My Malaysian experience to date is sadly none of these wonderful pursuits but a side trip out of Singapore to escape the El Niño created smog that had enveloped the city, so much so that you could only see a few feet in front of you. An uglier experience is hard to imagine.
Johor Bahru is a border city and as far as I am aware this is the sole purpose of its existence (apologies to the locals if there is actually a wealth of things going on there and it is a great place to live as I have done zero research on the place and all my dreary impressions were garnered from three hours spent there in October ’97).
We got off the train at the Singapore side to walk through passport control, along fifty metres of nomansland and through the Malay equivalent.
Having left behind immaculate Singapore we were met by somewhat of a mess.
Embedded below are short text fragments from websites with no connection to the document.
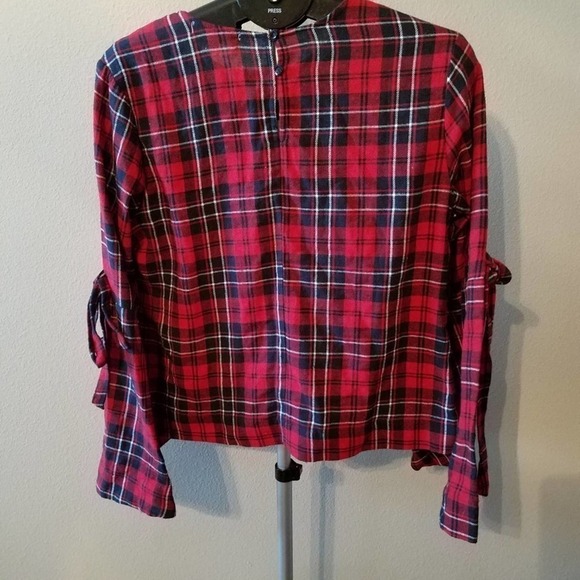 Love Notes Red Plaid Embroidered Bell Sleeve Top Medium - Picture 6 of 6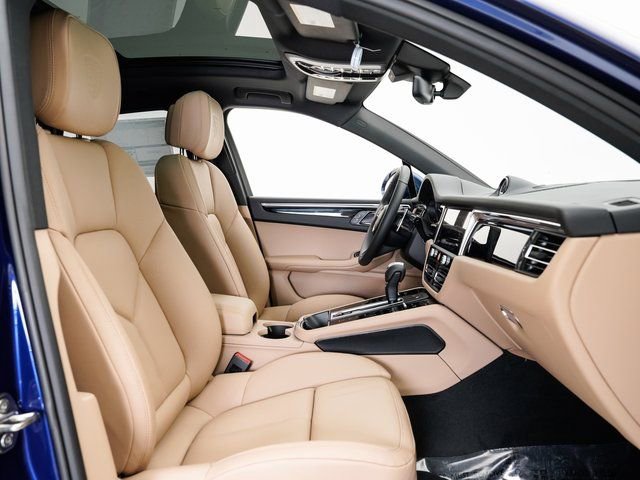 Certified 2025 Porsche Macan image 24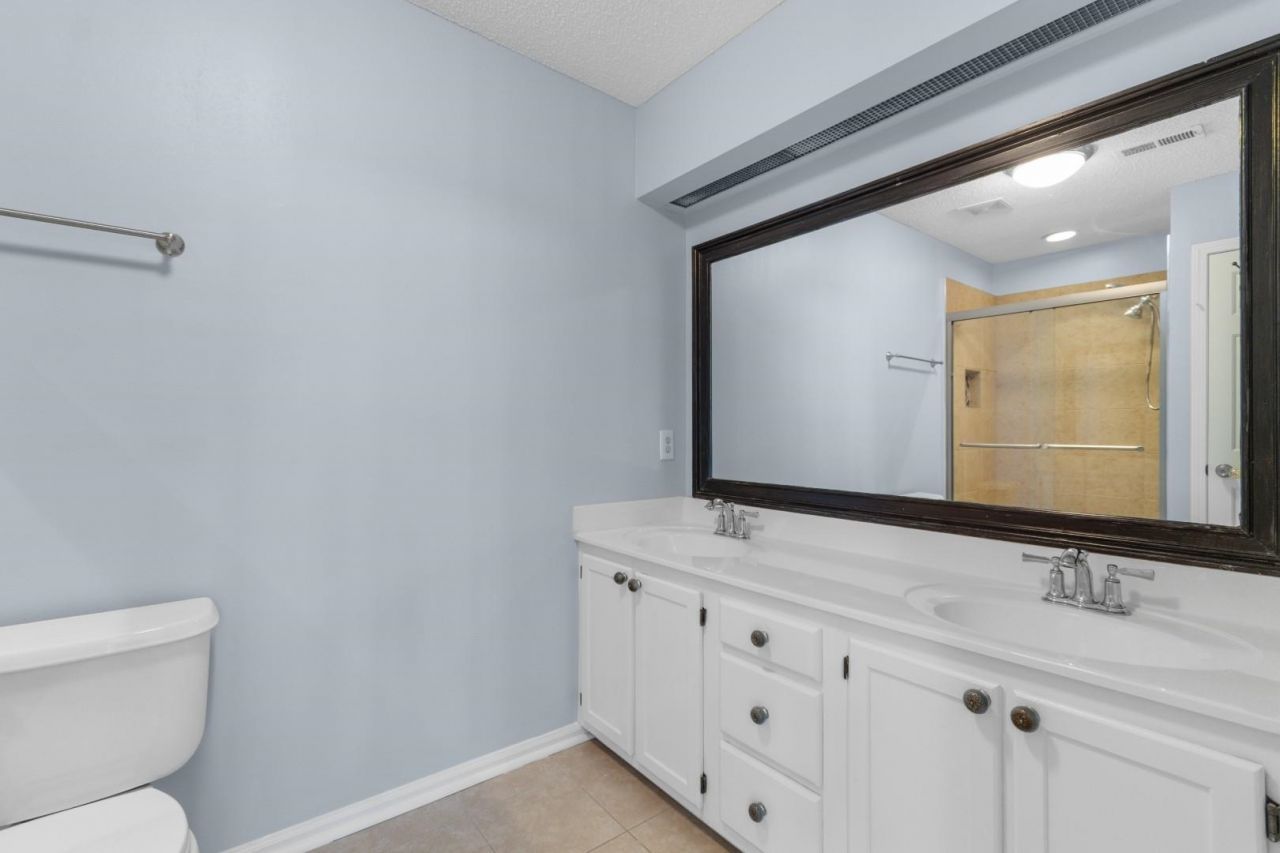 114 N Oak St.  Photo 15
It poured with rain for the whole time we were there and our entire experience was crossing a busy road (and getting whistled at by a traffic cop for not crossing in the correct place) and going to a drab shopping centre with spartanly filled shops and a couple of uninspiring cafes.
We passed most of the time in a music shop playing CDs that we pretended to be interested in buying, that was until such time as we were designated quite rightly as time wasters and asked to sod off by the store manager!
We had time to eat some flavourless rice dishes in the adjacent cafe until such time as we deigned it time to go back to the train station to wait for our train to the peninsular city.
This time we crossed the road the correct way via a large metal overbridge. Unfortunately it had become very slippery due to the heavy precipitation and unsurprisingly I slipped on the way up the steel steps and cracked my knee hard, ensuring that I walked with a limp for the next two days!
We had changed some Singapore dollars for Malaysian Ringgits to pay our expenses. Unfortunately we had miscalculated the cost of two train tickets and found ourselves a few beans short.
We had already been through Malaysian border control and to go and get some more Malaysian beans would have meant showing my passport again, crossing the deadly bridge in the rain and going back to the bank by the shopping centre.
I calculated that this would see at least one of us miss the train and have to wait for two more hours in what we considered to be a desperate hole.
I was just about resigned to this fate when a kindly gentleman who had heard our plight handed me the equivalent of fifty pence in beans to enable us to buy two tickets.
I had never been so grateful for such a small sum of money since I was about eleven years-old.
So that’s it for my Malaysian experience. I sincerely hope that it will not be my only one.
Have you ever been to Johor Bahru or do you have a similar experience from elsewhere?